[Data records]
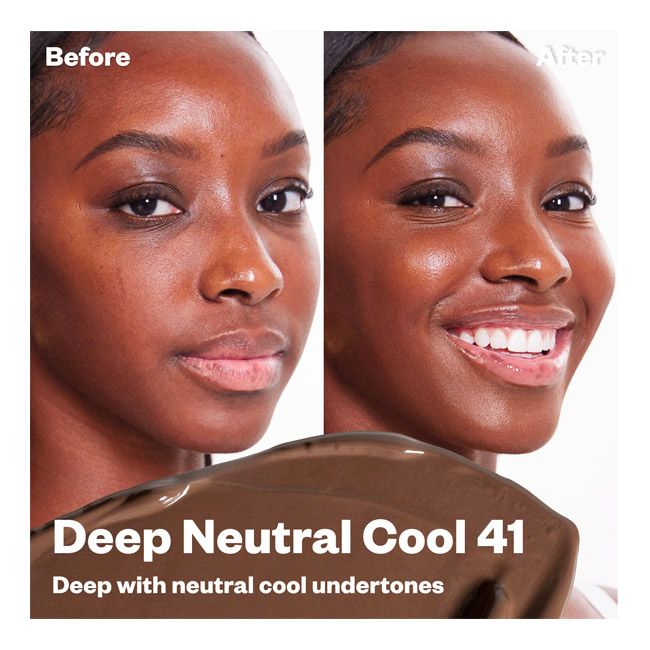 Gel teinté BB Burst Deep Neutral Cool 41 lifestyle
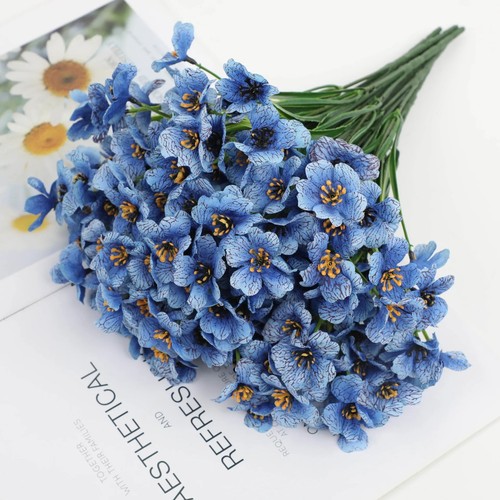 Artificial flowers plastic - artificial,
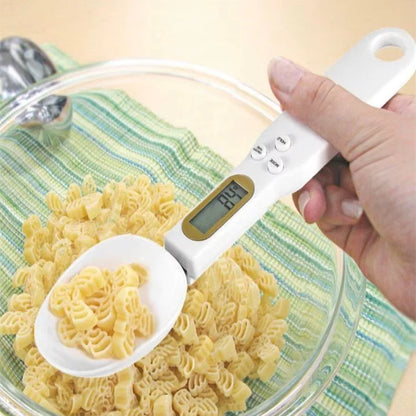 Portable Weighing Spoon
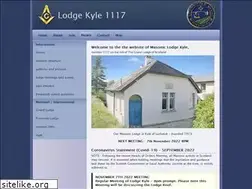 Sites similar to lodgekyle.co.uk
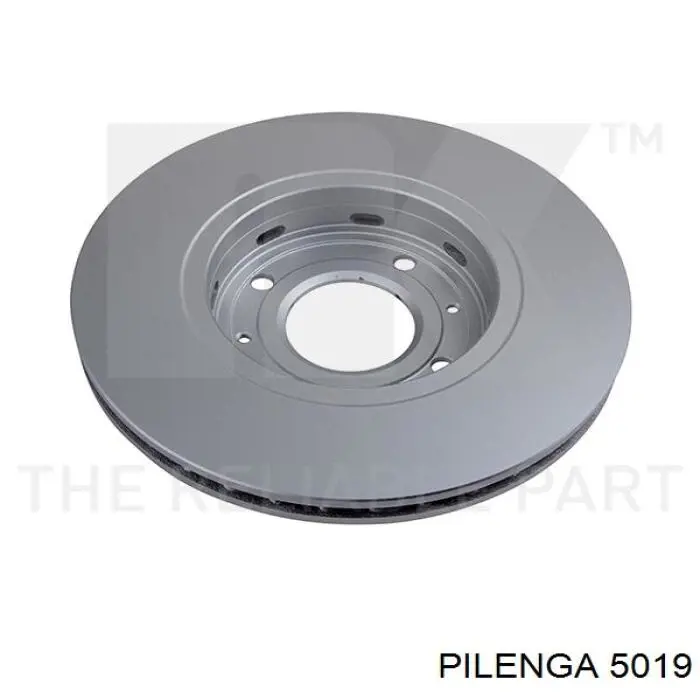Купити 71739636 Fiat/Alfa/Lancia Ротор гальмівний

> _EXERCISE BRIEF_
Print all of the records shown above exactly, leaving out each picture.

> _SOLUTION_
 Gel teinté BB Burst Deep Neutral Cool 41 lifestyle
 Artificial flowers plastic - artificial,
 Portable Weighing Spoon
 Sites similar to lodgekyle.co.uk
Купити 71739636 Fiat/Alfa/Lancia Ротор гальмівний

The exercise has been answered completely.